Record excerpts:
——
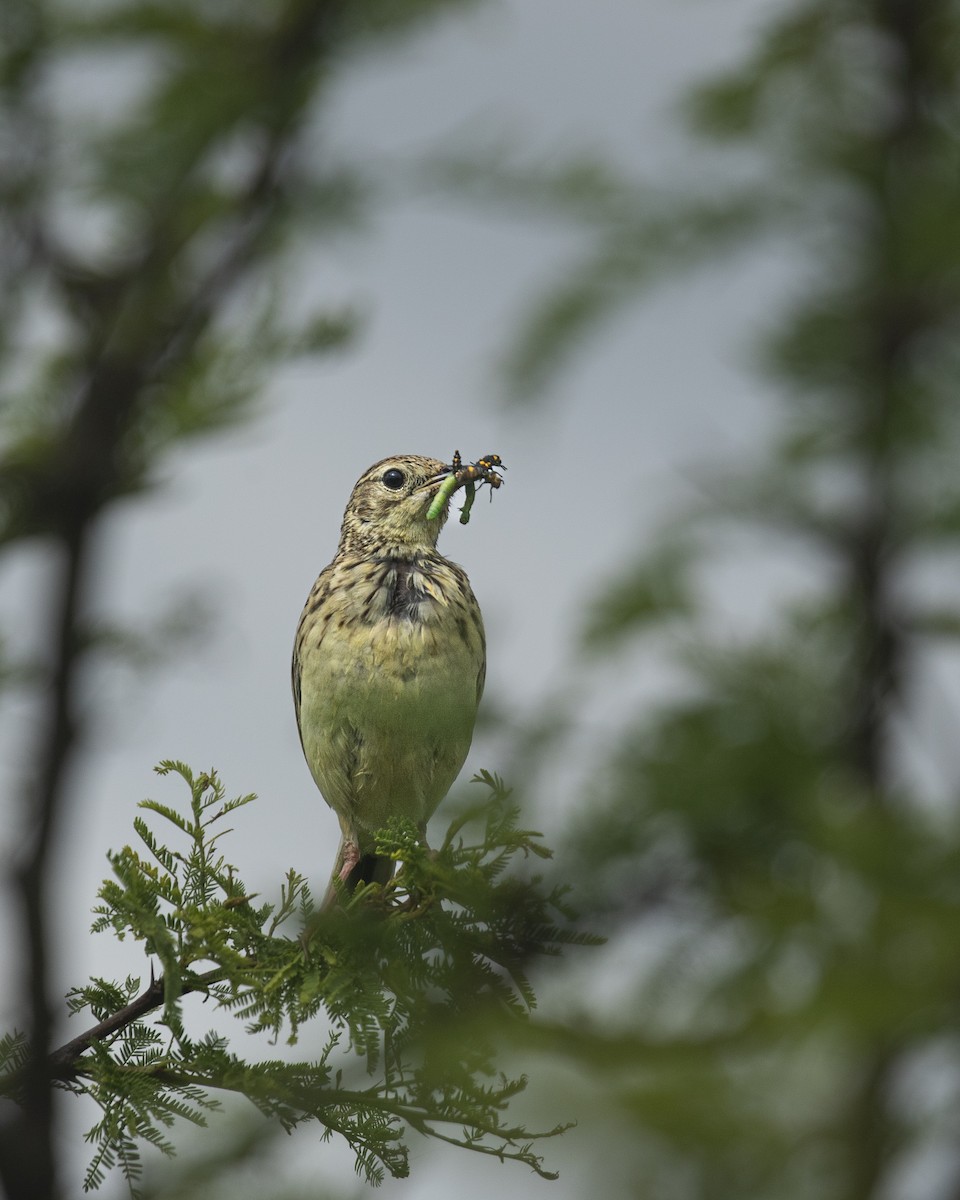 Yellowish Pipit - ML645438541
——
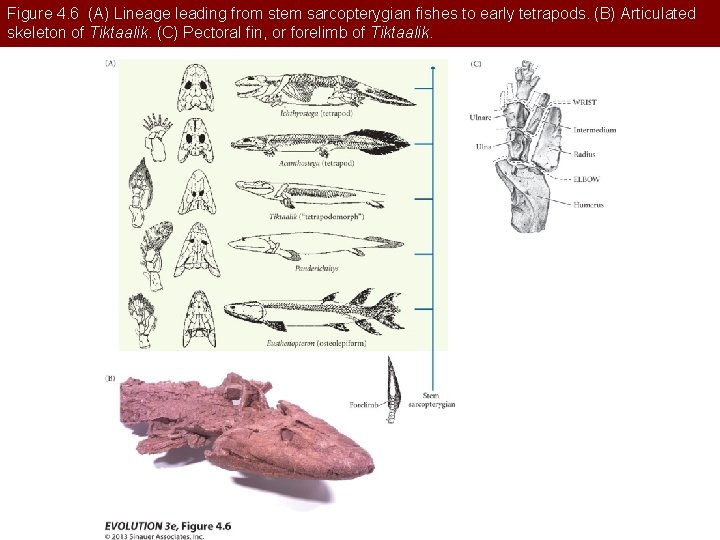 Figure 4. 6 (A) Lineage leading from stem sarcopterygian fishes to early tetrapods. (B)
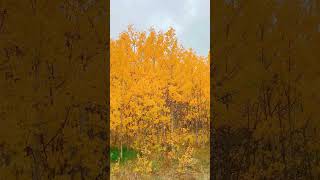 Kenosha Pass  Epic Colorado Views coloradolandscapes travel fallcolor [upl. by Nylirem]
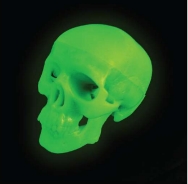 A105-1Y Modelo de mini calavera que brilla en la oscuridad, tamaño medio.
——
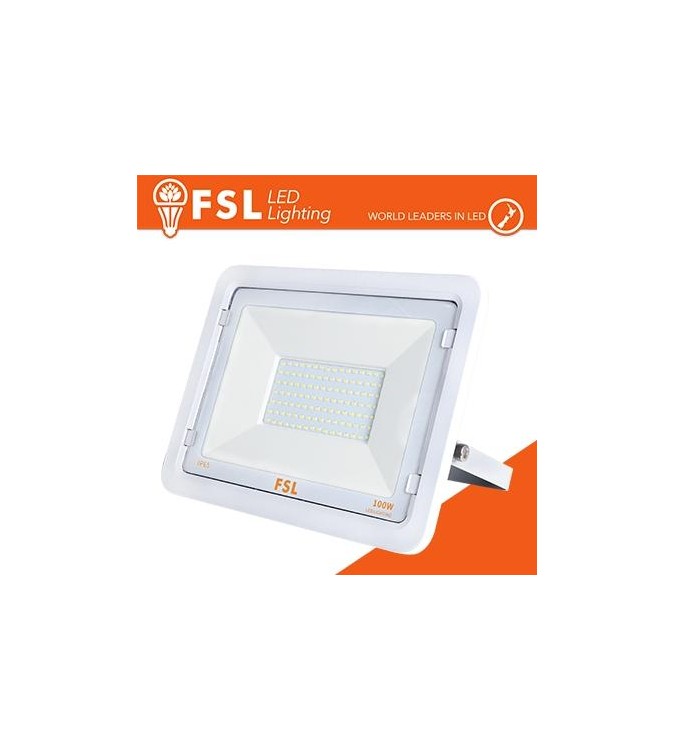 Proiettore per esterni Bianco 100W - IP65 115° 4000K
——
Within the data above, repeat exactly the lines from the one bearing "Figure 4. 6" through the one bearing "A105-1Y Modelo de". Include no pictures and nothing else.

Response:
 Figure 4. 6 (A) Lineage leading from stem sarcopterygian fishes to early tetrapods. (B)
 Kenosha Pass  Epic Colorado Views coloradolandscapes travel fallcolor [upl. by Nylirem]
 A105-1Y Modelo de mini calavera que brilla en la oscuridad, tamaño medio.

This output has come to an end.